The problem is that when printing XAML it will correctly render the
image at 600dpi, but when printing XPS it will still render the image
at 96dpi. Since XAML is converted to XPS before printing it seems
highly odd that one method of printing XPS produces different results
to another method of printing XPS. [emphasis mine]
[...]
There is no UI to configure the XPS Document Writer DPI. If you later
print a generated XPS document at a different DPI from the writers
internal default you may get poor results for bitmap content. With GDI
printers you can control the final DPI and your final desitination is
usally paper - no chance to reprint the document.
Conclusion
In conclusion, I'd still try to adjust PrintTicket.PageResolution Property within Néstor Sánchez' approach (+1), if your use case does allow this (though I remotely recall reading somewhere, that this doesn't have any effect as well); section Bitmap Resolution and Pixel Format in Using the XPS Rasterization Service confirms the issue he encountered with FixedDocument:
XPS rasterizer object for a fixed page must know the resolution at
which the page will be rendered. The XPSDrv filter specifies this
resolution, in dots per inch (DPI), as an input parameter [...] For example, if a display device has a resolution
of 600 DPI, and a fixed page describes a standard letter-size page, a
bitmap image of the entire page has the following dimensions [...]
Workaround
As a potential workaround you might want to explore alexandrud's solution for the related question How to convert a XPS file to an image in high quality (rather than blurry low resolution)?, which recommends using xps2img, a XPS (XML Paper Specification) document to set of images conversion utility. In particular it Allows to specify images size or DPI, which might help depending on the print path solution applied in turn.
Good luck!
I've had a similar problem. My image was very blurry when passed to XPS intermediated thru a FixedDocument.
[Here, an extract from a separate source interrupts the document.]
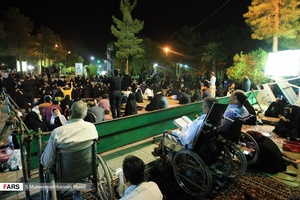 احیای شب بیست و یکم ماه رمضان در اصفهان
The solution was to write the image directly to the XPS...
/// <summary>
/// Saves the supplied visual Source, within the specified Bounds, as XPS in the specified File-Name.
/// Returns error message or null when succeeded.
/// </summary>
public static string SaveVisualAsXPS(Visual Source, Size Bounds, string FileName)
{
string ErrorMessage = null;
try
{
using (var Container = Package.Open(FileName, FileMode.Create))
{
using (var TargetDocument = new XpsDocument(Container, CompressionOption.Maximum))
{
var Writer = XpsDocument.CreateXpsDocumentWriter(TargetDocument);
var Ticket = GetPrintTicketFromPrinter();
if (Ticket == null)
return "No printer is defined.";
Ticket.PageMediaSize = new PageMediaSize(Bounds.Width, Bounds.Height);
var SourceVisual = Source;
Writer.Write(SourceVisual, Ticket);
}
}
}
catch (Exception Problem)
{
ErrorMessage = "Cannot export document to XPS.\nProblem: " + Problem.Message;
}
return ErrorMessage;
}
Giving a print-ticket with the exact width and height avoids scaling (that was I wanted in my case).